Opening: Monday, 12. November, 19.00
sponsored by: BMUK, MA7-Kultur, Cyberlab , Foto Leutner, Pro Helvetia – Schweizer Kulturstiftung
In the five collected contributions the question of historical inscription is asked in places and landscapes -and with it connecting their social and political meaning. In this manner individual phenomena are rather excluded and a collective consciousness to the place and its history is brought up for discussion.
Tatiana Lecomte, as well as Ernst Logar in their work concerns themselves with the events of the National Socialism in Austria.
Since 2005 Tatiana Lecomte examines landscapes in direct proximity to former concentration camps and asks the question about the represent ability of the transgression to possibly make the once non-visible visible and a possible complicity of the landscape.

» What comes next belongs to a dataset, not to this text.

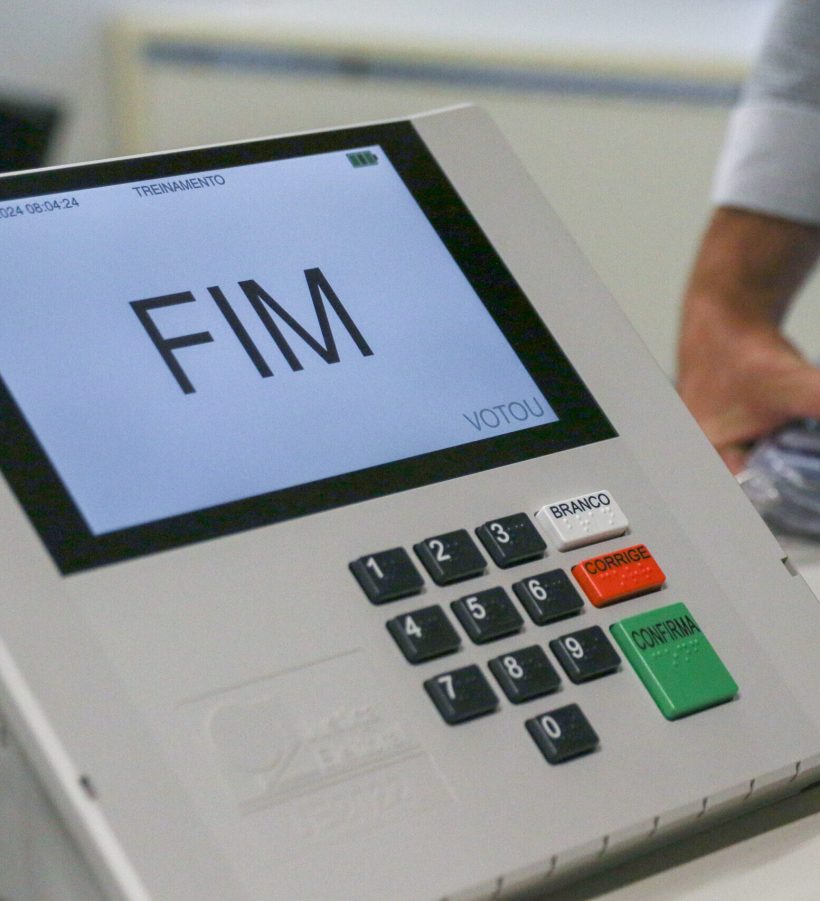 TRE-CE promove carga das urnas eletrônicas para o 2º turno das Eleições 2024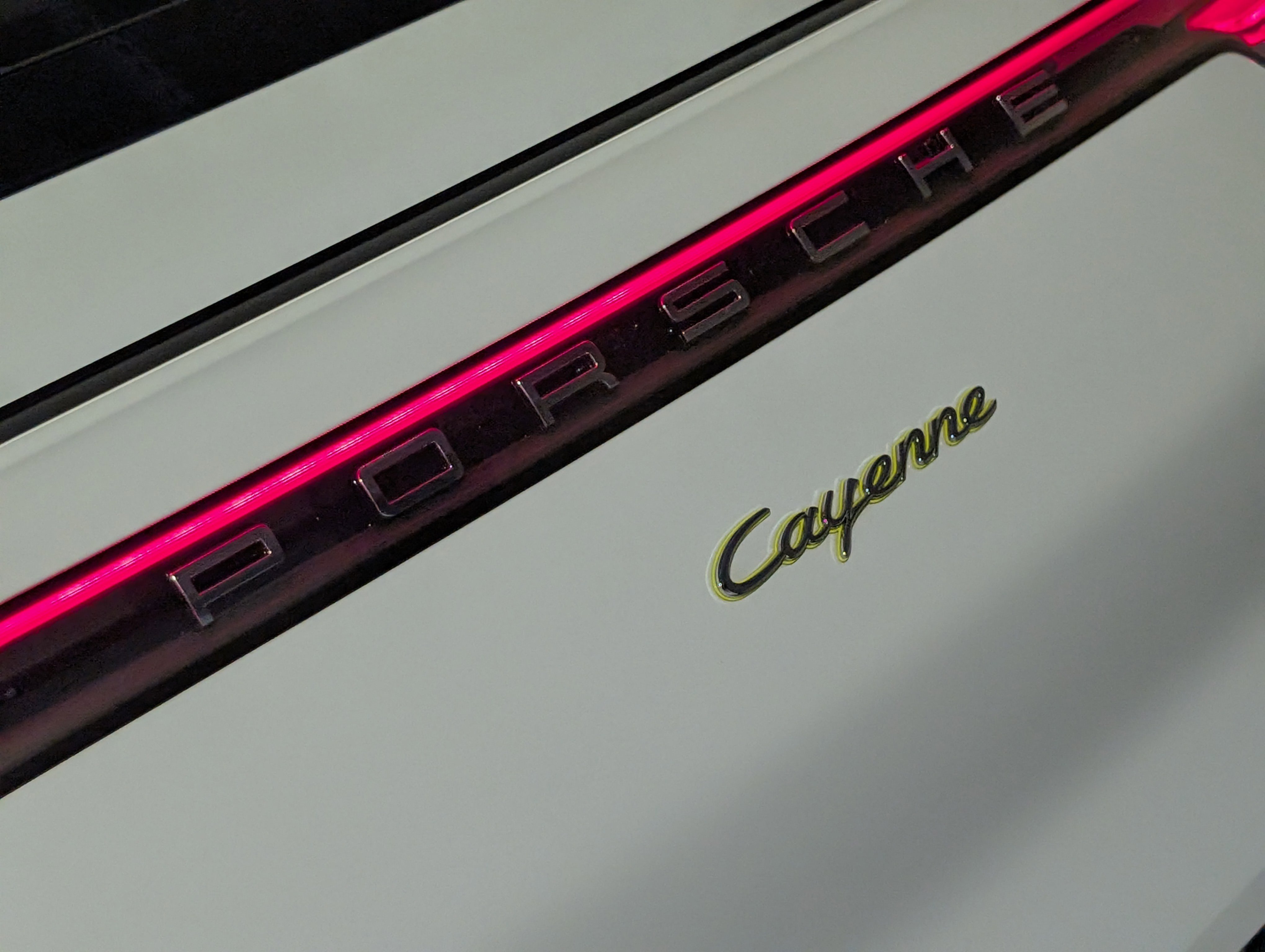 Certified 2022 Porsche Cayenne E-Hybrid image 16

In her new work Cement, 2006 she takes a radical step: Visualization through destruction.
In Ernst Logars work Feliferhof, 2004 stands the landscape in discourse with investigation and documentation efforts of a former K.& K., later NS and today used by the Austrian Army, firing range which served during 1941-45 as a place of execution by firing squad and where the corpses were buried in a mass grave. How does one go on and deal with such a place and its oppressive history? Cause for Logar’ s special interest, was the recent revelation of the murder of his grandfather at the Feliferhof.
Another kind of historical revelation is the center of attention with Leo Fabrizio. The history of Switzerland – its democracy, independence of many years and neutrality – the Swiss are bound to an oath to defend and to protect these values as well as shelter – to furnish bunkers. Fabrizios series Bunkers, 1999-2004 focuses particularly on the military bunkers. Almost a quest game camouflaged in an almost theatrical way he merges the landscape with local-typical buildings in a way that renders them almost unrecognizable.
In the contributions of David Adam and Daniel & Geo Fuchs they deal with the recent history of Germany focusing on the former DDR. These artists bring the strange and oppressing to light.
In the work Belohnungsraum, 2003 David Adam illuminates a usual means of control in the former DDR – the spying. Prisoners were rewarded for days or even weeks for their spying activities by being accommodated in so called better prison conditions. The spaces rather resembled hotel rooms with comfort than prison cells. Adam amalgamates this historical component with views of contemporary spaces creating a kind of advertising campaign for the “reward areas “.
Daniel & Geo Fuchs have worked since 2004 on the project STASI – secret rooms, in which they photograph, 15 years after the fall of the wall, rooms and places of the Ministry for Public Security of the former DDR. The perfect, central perspective effect of the camera and detached photographed areas, which to date no one has been able to see, are oppressive and leaves one sensing the extent of the DDR power apparatus. Indications and symbols of ruthless pursuit, and suppression, of power, and powerlessness are archived here.